Советское «моно», кстати, страшно усилилось в послевоенное время. Человек, вернувшийся с войны и ее переживший, более был склонен к независимости поведения, чем даже человек горбачевского времени! Но Сталин это пресек, и люди соучаствовали в пресечении. Шло чудовищное, злодейски гениальное по уплотненности сроков, по средствам осуществления подавление в человеке всего независимого, несовпадающего, самостоятельного. Зато при этом его возвеличивали! Одних топтали, а «нашего человека» возвеличивали. Уничтожали в 1940-е не миллионы людей, как в 1930-е, – лишь единицы были затоптаны. Зато народную массу ежедневно возвеличивали. До войны ты бы не увидел плаката «Слава советскому народу!». Такого в СССР нигде не было и быть не могло. Такое даже не приходило в голову.

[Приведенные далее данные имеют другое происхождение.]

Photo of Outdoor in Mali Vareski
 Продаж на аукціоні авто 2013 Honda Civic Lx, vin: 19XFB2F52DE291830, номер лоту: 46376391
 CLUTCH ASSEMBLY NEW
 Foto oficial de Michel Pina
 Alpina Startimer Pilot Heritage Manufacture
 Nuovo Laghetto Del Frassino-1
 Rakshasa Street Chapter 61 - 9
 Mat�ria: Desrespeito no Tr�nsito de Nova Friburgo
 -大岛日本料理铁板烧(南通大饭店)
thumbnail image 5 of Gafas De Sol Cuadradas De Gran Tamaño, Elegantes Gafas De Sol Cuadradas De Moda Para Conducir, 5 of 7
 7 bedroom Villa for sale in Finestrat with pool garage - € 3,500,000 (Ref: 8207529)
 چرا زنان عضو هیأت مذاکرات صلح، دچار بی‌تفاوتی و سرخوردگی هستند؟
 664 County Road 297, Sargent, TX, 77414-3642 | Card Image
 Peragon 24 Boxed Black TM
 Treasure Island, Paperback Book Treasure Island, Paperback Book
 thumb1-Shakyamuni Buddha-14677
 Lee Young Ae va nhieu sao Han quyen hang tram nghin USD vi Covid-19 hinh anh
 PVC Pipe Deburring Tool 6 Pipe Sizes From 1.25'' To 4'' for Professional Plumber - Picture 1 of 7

1930-е годы несли кошмары, затрагивающие миллионы людей. Но в 1940-е уже не потребовалось затронуть всех, чтобы добиться большего эффекта, чем тогда. Комбинация растаптывания с возвеличиванием. Причем возвеличиванием ежедневным, малозаметными инъекциями.
– В чем-то аналогичный процесс идет в последние годы при нулевом уровне репрессий, что поразительно. Вроде нет прямого давления, но вырастает эта «монизация». Ты не видел, а тут недавно по телевизору Фазиль Искандер выступал. Насчет договора об общественном согласии говорит – о да, замечательная вещь, но нам нужно другое. Нужно, чтобы президент не реже двух раз в месяц прямо общался с народом. Пускай по 10–15 минут, но чтобы народ почувствовал – в стране есть главный человек!
– Все сплошь обезумели. Шел гулять, и вдруг заполучил меня Зиновий Гердт. Милый, остроумный человек. Стали разговаривать, как на его руках умирал Давид Самойлов, об Иосифе Уткине… Потом приглашает зайти. Зашел, сел с ним за столик, и выяснилось, что у него день рождения! Жена заставила чистить яблоки. Остроумный, очень сохранившийся человек. Но с радиотелефоном – день рождения, звонки. И тут говорит мне: звонили, поздравляли от Черномырдина! Говорит он это не иронически, нет – проникновенно! Я ему: то есть, получается, вам даже не сам Черномырдин звонил? Единообразный мир приносит душевный комфорт. Прежде всякий мерзавец тебе указывал, что и как ты должен изображать, причем заданным набором букв, – ты страдал, возмущался… а почему? Потому что сам сумел бы лучше изобразить то, что им надо! По собственному усмотрению.
Я не знаю, на каком психиатрическом языке можно описать нынешнюю картину. Тиражированные люди разбежались во все стороны, продолжая талдычить со страстью: все только так, а не иначе! Неусредненный человек свою неусредненность реализует в формах, которые воспринимаются им как единственно возможные. Будь он тусовщик, интеллигент или миллионер. А отсюда все чудовищности, когда страну поделили на реформаторов и мерзавцев. Реформаторы говорят с нами так, будто слово «реформа» несет в себе точно выясненное, упорядоченное содержание. Что очень способствует выдвижению среди этих людей соответствующего типа во власть.
– У этого штамма сознания еще интересное свойство – оно оборотничает. Оно существует в бесконечной череде инверсий. Во всякий момент сознанию видим один фрагментарный участок, типа твоего
– Совершенно верно. И обрати внимание: вся терминология при этом моментально меняется, весь обиход слововыражения. Интеллигенты каждый день меняют словоупотребление! Не прошло с «красно-коричневыми» – всё, как в прорубь опустили этих «красно-коричневых», нет их. Теперь «надо уважать парламент». Зато воскрес старый идиотизм:
Я вчера смотрел фильм – поет Высоцкий. Фрагментами только слушал. Ну хоть кто-нибудь скажет по-человечески о Высоцком? Человека выбрасывали из среды, не признавали поэтом, он слыл у них чем-то второсортным. И выразил тоску и страдание миллионов людей – не заигрывая с ними, им не подыгрывая. Наоборот, говоря им горькие и злые вещи. Потому что не устраивает этих интеллигентов, когда разговаривают таким языком.
– Так вот они съедят и Ельцина, вслед Горбачеву. И скажут: ведь вы же сами этого хотели, вы же нам его критиковали.
– Конечно, Ельцин же дирижировал оркестром! Что президент расстреливал из танков, это им ничего. Но что оркестром в Берлине и в пьяном виде – кошмар! Такого мы пережить не можем!